Zurzeit baut Senn in St.Gallen die Parkagarage am Unteren Graben aus und stockt das Gebäude mit Räumen für die Universität auf. Senn baut inzwischen oft in Zusammenarbeit mit bekannten Architekturbüros, auch mit Herzog und de Meuron. Die Pläne für den anstehenden Corso-Umbau hat das Winterthurer Büro Beat Rothen gezeichnet. Rothen und Senn haben schon gemeinsam das erwähnte Gewerbehaus «Noerd» gebaut.

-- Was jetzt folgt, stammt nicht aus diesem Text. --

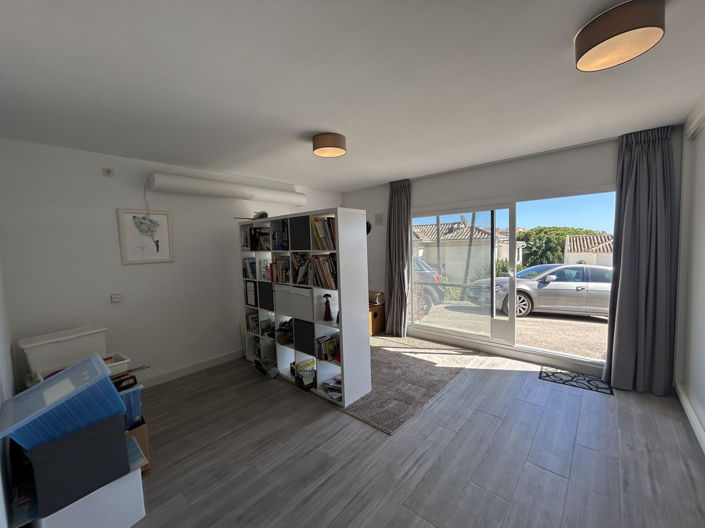 Image No.22-5 Bed Villa for sale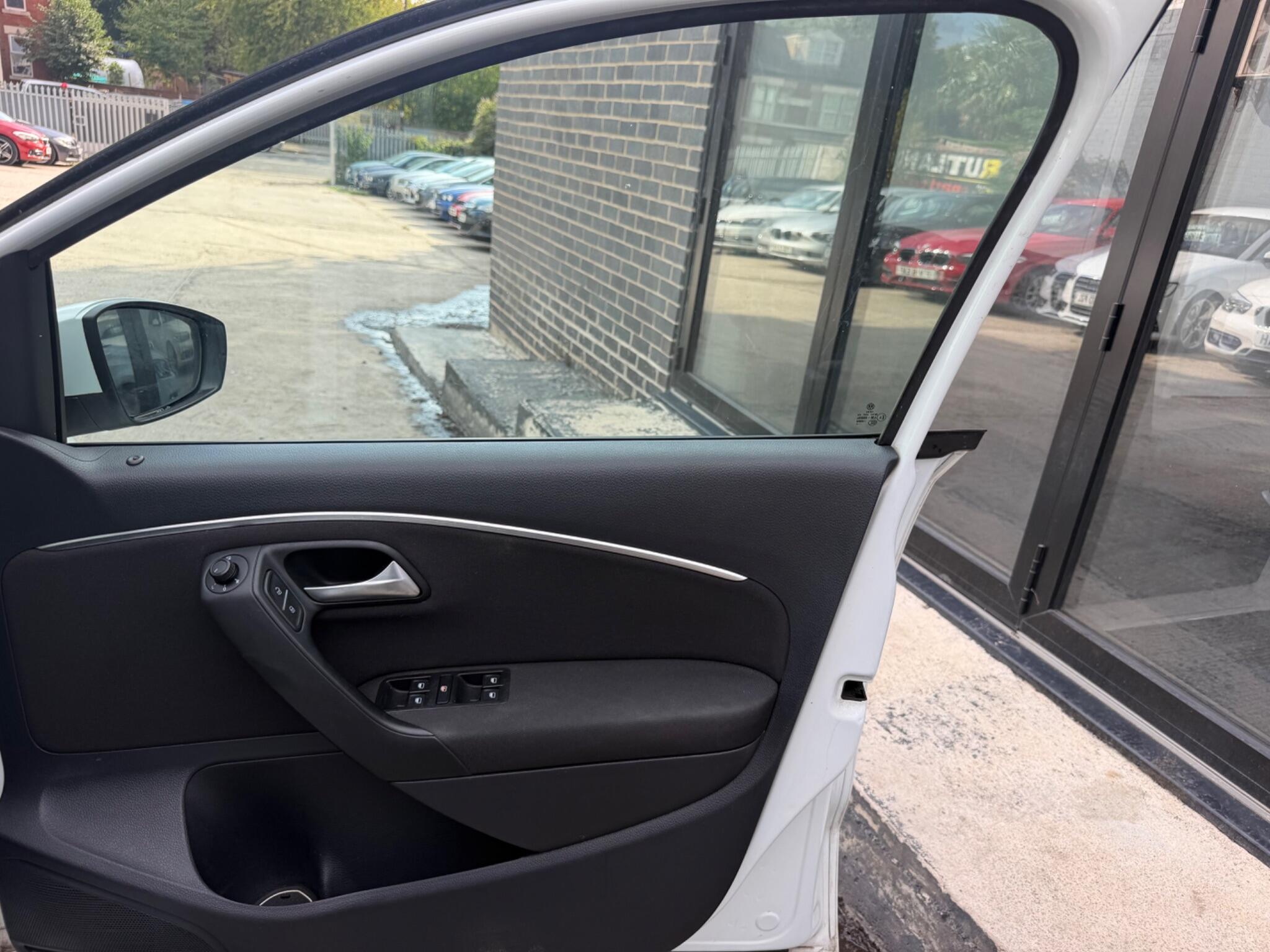 Volkswagen Polo view 9
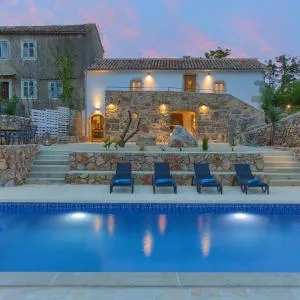 Villa MAY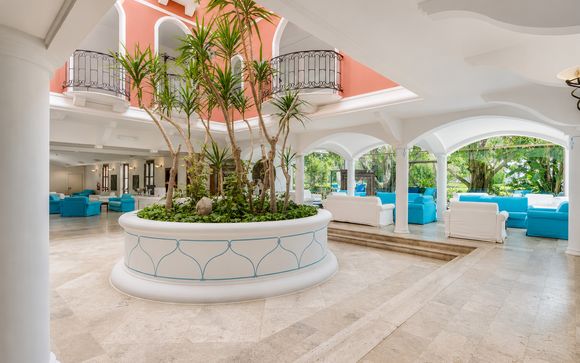 Phi Hotel Sighientu 4*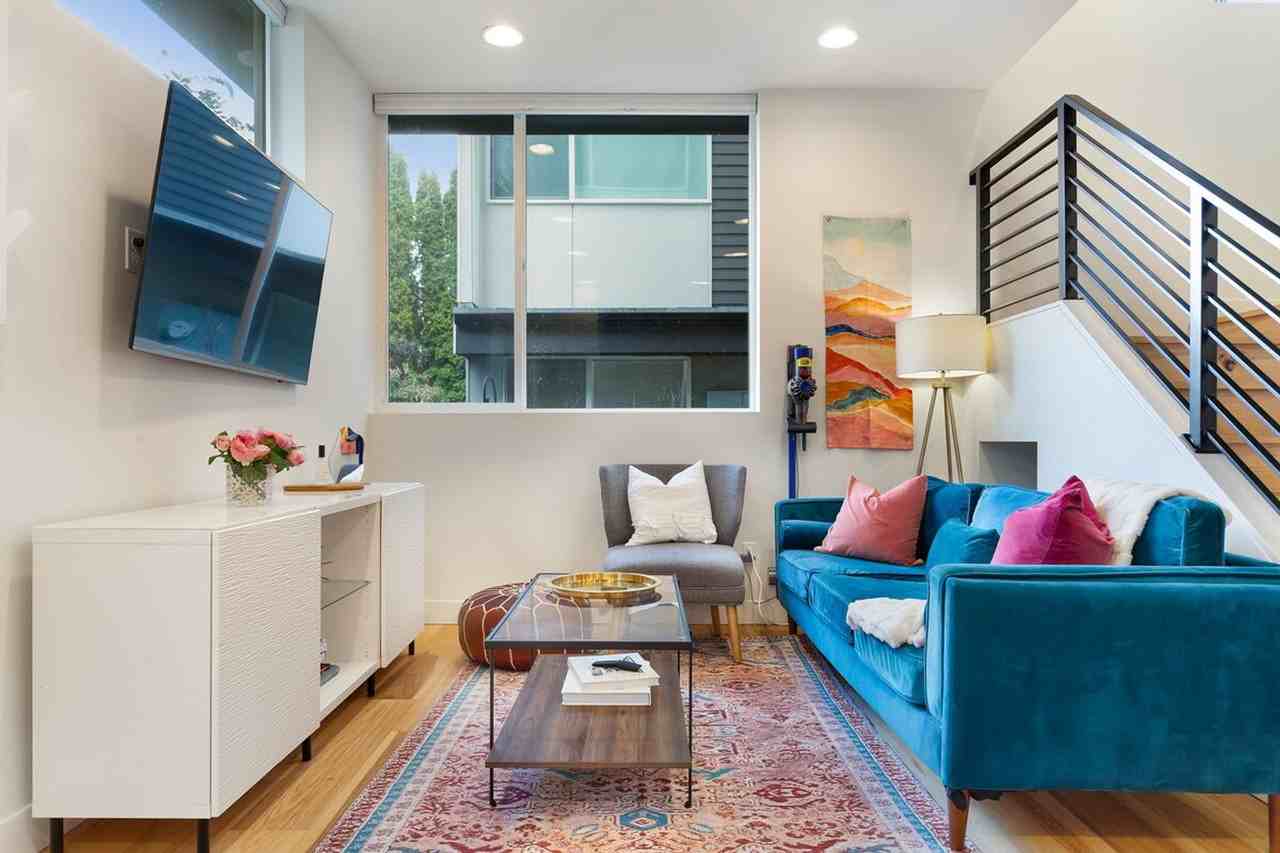 71D W Dravus St #1035898P - Photo 4 of 47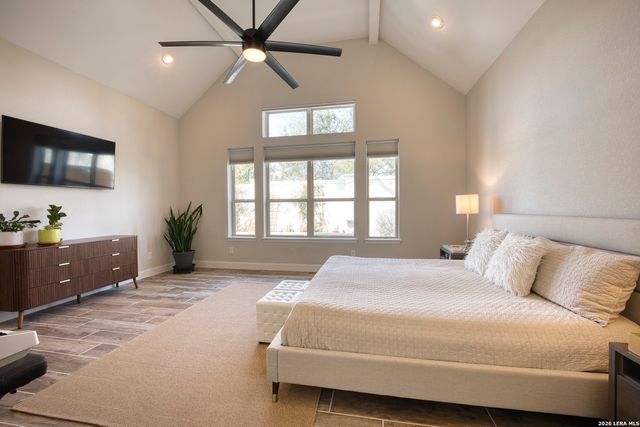 151 Bedingfeld, Shavano Park, TX 78231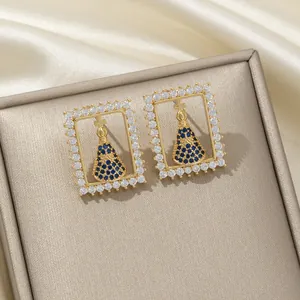 Boucles d'oreilles religieuses dorées avec halo en zircone et pierres bleues micro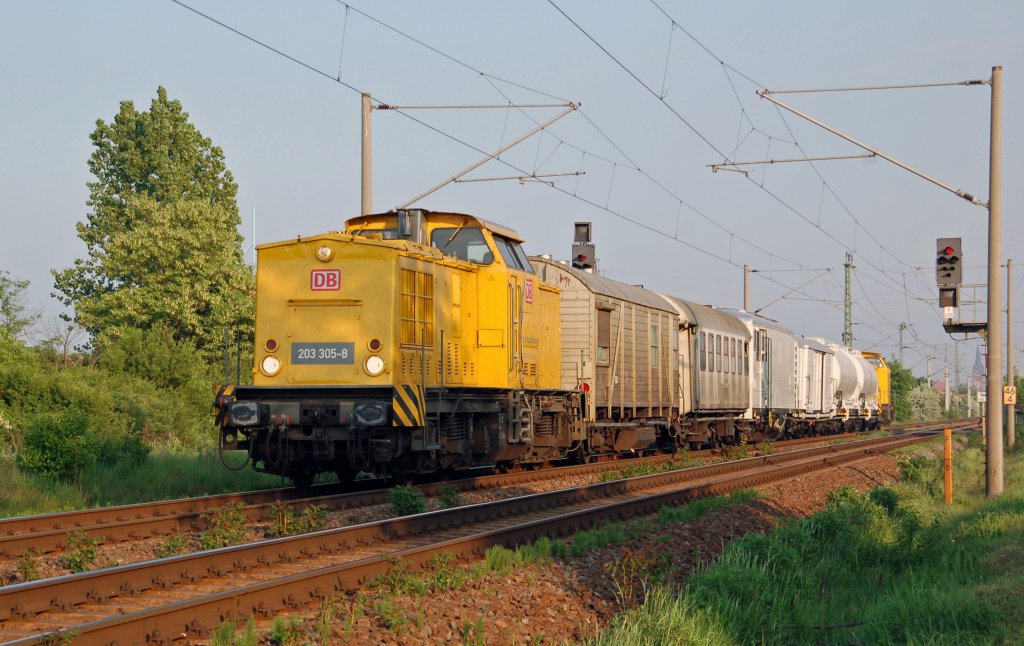 203 305 fuhr mit einem Spritzzug am 11.05.11 durch Bitterfeld Richtung Dessau. 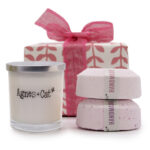 Agnes + Cat kingitus emale sojaküünla ja roosade vannipommidega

Die Fassade wird geöffnet.

Mit dem Umbau des Corso gilt es definitiv Abschied zu nehmen von einem St.Galler Grosskino. Als es der Kino-Gigant Kitag 2012 schloss, was es just 50 Jahre alt. 1962 war der Neubau an der Brühlgasse fertig geworden. Iso Senn übernahm das Kino nach der Schliessung mit seiner Immo-W AG. Ein Jahr später auch das «Boccalino». Oben im Haus ist der Kinder- und Jugendpsychiatrische Dienst untergebracht, ganz oben gibt es noch Wohnungen.

Bevor der Entscheid zum Umbau in Büros fiel, hatte Senn ganz verschiedene andere Nutzungen prüfen lassen – die haben sich aber offensichtlich alle zerschlagen. Die Zürcher Neugass Kino AG mit ihren Kinos Riffraff und Houdini prüfte einen Umbau in acht Studiokinos. Iso Senn bedauerte im Hebst 2015 gegenüber Saiten, dass sich diese Pläne aus Kostengründen nicht realisieren liessen. Auch Pläne für ein Kultur- und Konzertlokal wurden diskutiert – auch sie waren offensichtlich zu teuer.

Nach der Schliessung gab es noch zweimal Gelegenheit den grossen, ziemlich kitschig ausgestatteten Saal mit seinen Logen-artigen Seitenrängen zu besuchen. Der St.Galler Filmemacher Dennis Ledergerber zeigte 2013 hier seinen Film Himmelfahrtskommando und im Sommer 2015 führte die Stadt ihren Dok-Film über das grandios gescheiterte Geothermie-Projekt vor.

Die ehemalige Boccalino-Gartenbeiz soll wieder geöffnet werden.